What is it that these scientists see that we don't? Arrhenius. Clausius. Clapeyron. Van't Hoff. What is that you all see that we don't? The schemata of life? The fundamental order that living organisms abide by?
These apparently simple equations are, essentially, elegant summaries of the laws governing physical world. To him, it felt simply... magical? Discomforting? Disorientating? Even musical? The equations each has a hypnotic quality to them when they're read aloud.
He wished he could talk to this cadre of human beings. To figure out what makes them tick even as they figure out what makes the natural world works. Would they share philosophical observations?

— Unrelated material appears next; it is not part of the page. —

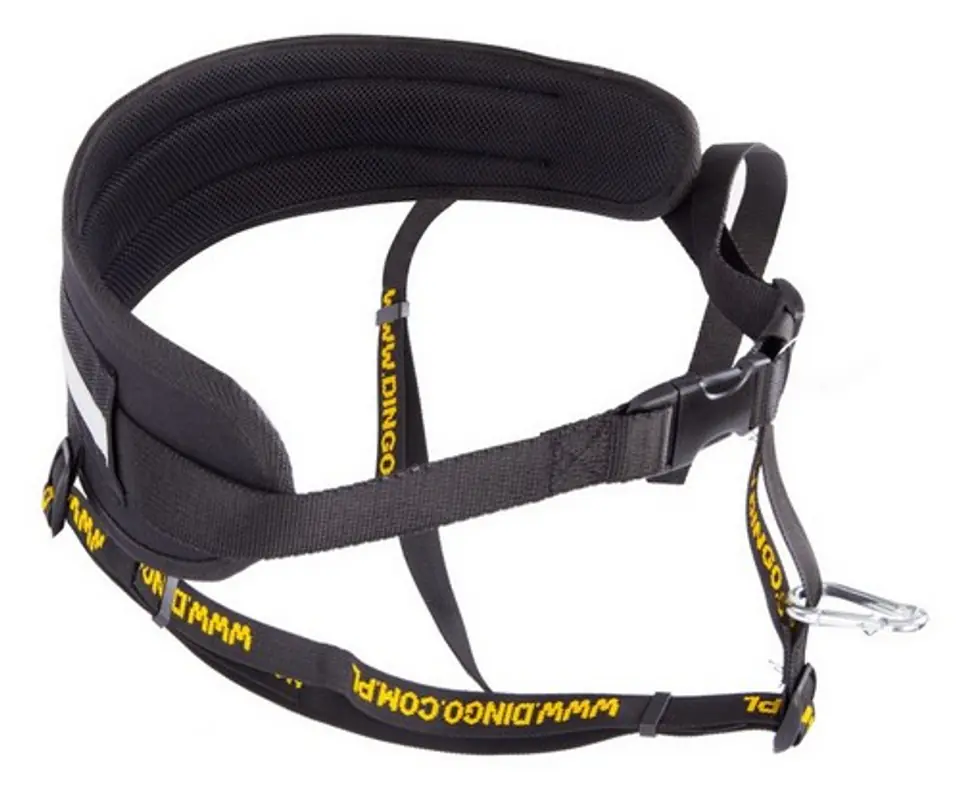 ⁨Dingo Profi Running Belt - 4 fastening options⁩ at Wasserman.eu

Or would they merely be nerds-scientists?
Is this why Einstein wanted to come up with a grand unification theory? Because he recognised this eerie order beneath the facade of entropy?
Too many questions, he thought, and no easy answers. He wished that life can be flattened into 2-d problem sums on paper - even though he knew that the wish was fruitless even as he wished. He felt that life would be far simpler and more elegant if every situation, event and person can be summarised into neat sets of mathematical formulae.
But he wouldn't really want what he wished for to come true. Not yet, not now, not here anyway.
There is too much to life - too much joy and sorrow in equal measures. Reductionism into generic equations will erase the million shades of meanings that cannot be conveyed. The bittersweet feeling after exams, the hollow happiness of victory. The plaintive felicity and self-indulgent melancholy. These myraid shades, they elude easy definition. And, this is why life is unpredictably vibrant.
Still, whatever equations we have now, however they reduces the complexity of life into sum/differences/product/quotient of organic factors, they are elegant, aren't they?